The phrase, and the historical event that it came from, used to be popular enough that two movies were made about it, and the Boy Scout handbook referenced it.
As is often the case, the actual events didn't quite happen like Hubbard said in his essay, but that isn't the point here. A letter to Garcia is a Sorelian myth, one deployed to bolster the kind of action needed by Klein type 1 and 2 organizations.
That this myth has faded from popular consciousness is a sad reflection on what we have become.
I very much enjoy Patrick's newsletter, and here are the two best so far
Fraud is a unique subset of crime which occurs, to a major degree, subject to the enforcement efforts of non-state actors. A commanding majority of all fraud which is stopped, detected, adjudicated, and even punished (!) gets those done to it by one or more private sector actors. And the private sector has, in this case, policy decisions to make, which, like the public sector’s decisions, balance the undesirability of fraud against the desirability of social goods such as an open society, easy access to services, and (not least!) making money.
A key phrase which comes up in the requirements for programs is that they be “risk-based.” What is the definition of that?
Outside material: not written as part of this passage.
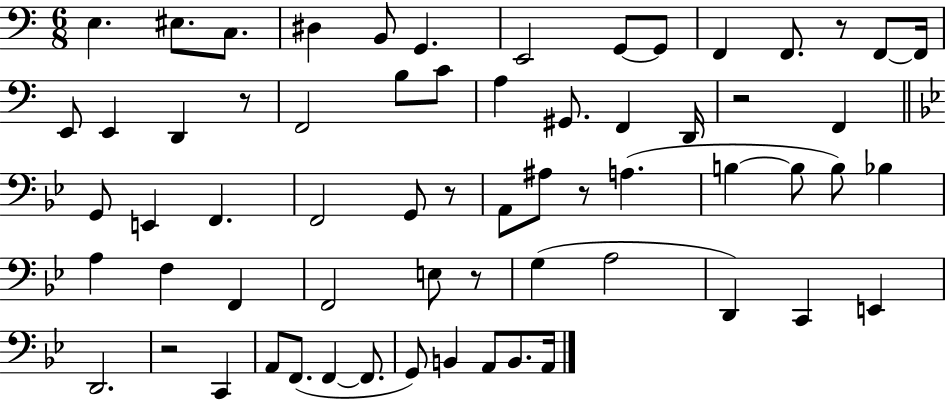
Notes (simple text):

E3/q. EIS3/e. C3/e. D#3/q B2/e G2/q. E2/h G2/e G2/e F2/q F2/e. R/e F2/e F2/s E2/e E2/q D2/q R/e F2/h B3/e C4/e A3/q G#2/e. F2/q D2/s R/h F2/q G2/e E2/q F2/q. F2/h G2/e R/e A2/e A#3/e R/e A3/q. B3/q B3/e B3/e Bb3/q A3/q F3/q F2/q F2/h E3/e R/e G3/q A3/h D2/q C2/q E2/q D2/h. R/h C2/q A2/e F2/e. F2/q F2/e. G2/e B2/q A2/e B2/e. A2/s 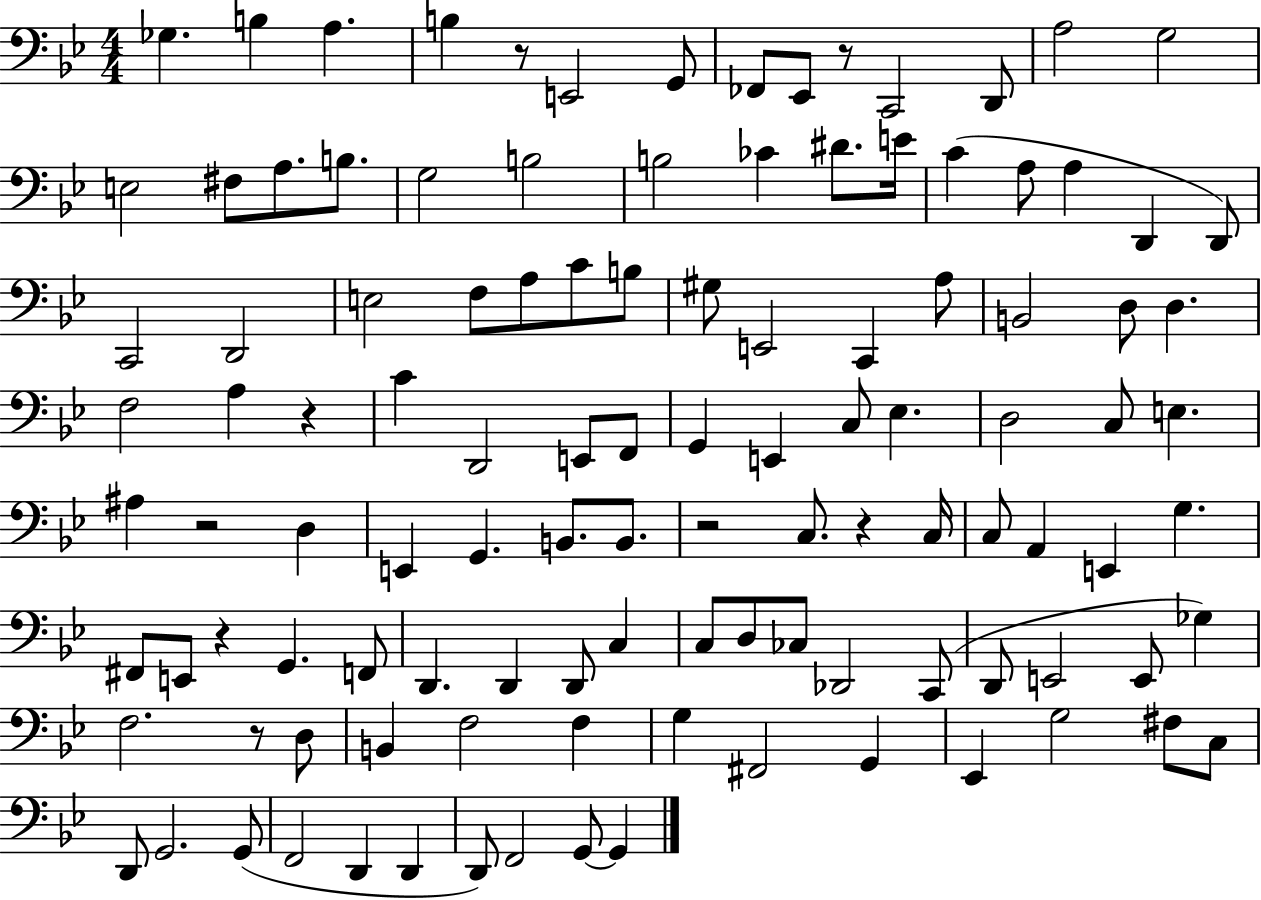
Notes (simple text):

Gb3/q. B3/q A3/q. B3/q R/e E2/h G2/e FES2/e Eb2/e R/e C2/h D2/e A3/h G3/h E3/h F#3/e A3/e. B3/e. G3/h B3/h B3/h CES4/q D#4/e. E4/s C4/q A3/e A3/q D2/q D2/e C2/h D2/h E3/h F3/e A3/e C4/e B3/e G#3/e E2/h C2/q A3/e B2/h D3/e D3/q. F3/h A3/q R/q C4/q D2/h E2/e F2/e G2/q E2/q C3/e Eb3/q. D3/h C3/e E3/q. A#3/q R/h D3/q E2/q G2/q. B2/e. B2/e. R/h C3/e. R/q C3/s C3/e A2/q E2/q G3/q. F#2/e E2/e R/q G2/q. F2/e D2/q. D2/q D2/e C3/q C3/e D3/e CES3/e Db2/h C2/e D2/e E2/h E2/e Gb3/q F3/h. R/e D3/e B2/q F3/h F3/q G3/q F#2/h G2/q Eb2/q G3/h F#3/e C3/e D2/e G2/h. G2/e F2/h D2/q D2/q D2/e F2/h G2/e G2/q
It is fairly vague, by design. Regulation of the financial industry involves a substantial amount of bilateral trust, including trust to interpret vagueness in roughly the intended way.
Mrs Darwin of DarwinCatholic writes about seeing the Barbie half of Barbieheimer with her daughters.
I'm sorry I'm so WEIRD.
And of course the other half of the late summer blockbusters, here is Sailer's review of Oppenheimer. Don't bother reading his review of Barbie.
Hans G. Schantz' retelling of the Scopes Monkey Trial was a genuinely gripping read. Well done sir!
Mary Harrington attempts to reclaim the authentically feminine by allowing women to have dignity in old age.
But one of the blind spots I’ve noticed across even many of these ‘intersectional’ perspectives, as applied in the West, is that of time, and of relationships - especially the relationships that shape this triple archetype. By framing women’s liberation as a matter of unpicking us from relationships, and sidelining the three archetypal stages of womanhood, we end up imposing a male-standard Hero’s Journey on women - where you set forth on your own, vanquish demons and dragons, and return with the prize - that for many is not a comfortable fit with how life actually plays out.
This linkfest from 2022 has FrailSkeleton's gloss on the Heroine's Journey, which is a great addition to Mary Harrington's "Maiden, the Mother, and the Other One". I should have copied more of the tweets, as FrailSkeleton keeps getting suspended.
Heroine’s Journey has 3 parts:
-transgression of important rule -> descent into Chaos
-quest for knowledge (not power), and performing tasks that create order
-rescue back to the world, or self-sacrifice
John J. Reilly had lots of thoughts on Constitutional Law, and this now twenty-three(!) year old post on why Roe v. Wade would inevitably have to be overturned as bad law looks pretty good post Dobbs, and what would follow in that eventuality.
In any case, even if passage were possible, it would not be advisable. The Supreme Court's creation of a bogus constitutional right in this area was not just foolish but tyrannical. The Court sought to end a debate before there was a consensus. There is still no consensus, nor likely to be one for some years. A constitutional amendment would not be quite as tyrannical as the Roe decision, but it would get us no closer to a durable settlement.
And what would a durable settlement look like, after the Court finally caves on this matter and throws it back to the states? Some states will doubtless rush to enact harsh criminal penalties. This will be a mistake. Prosecutors will be reluctant to prosecute and juries to convict. The occasional maximum sentence will be advertised as an arbitrary miscarriage of justice. Far preferable would be a system that folded the question into professional ethics. Doctors who performed unauthorized abortions would be facing a few months' suspension of their licenses, a grave enough matter for people with malpractice insurance premiums to meet and old medical school loans to repay.
Many Americans might think that such a regime would be far too mild, while others would insist that any penalties at all would be an outrage. Whoever is right, we cannot decide until we and our legislative representatives can vote on it, and we cannot do that until we stop trying to make the Constitution do our work for us.
Lord of a Shattered Land by Howard Andrew Jones looks like a great book. I read a review on Castalia House by the Pulp Archivist, then there is this interview with Jones by friend of the blog J R Handley on the Blasters and Blades podcast.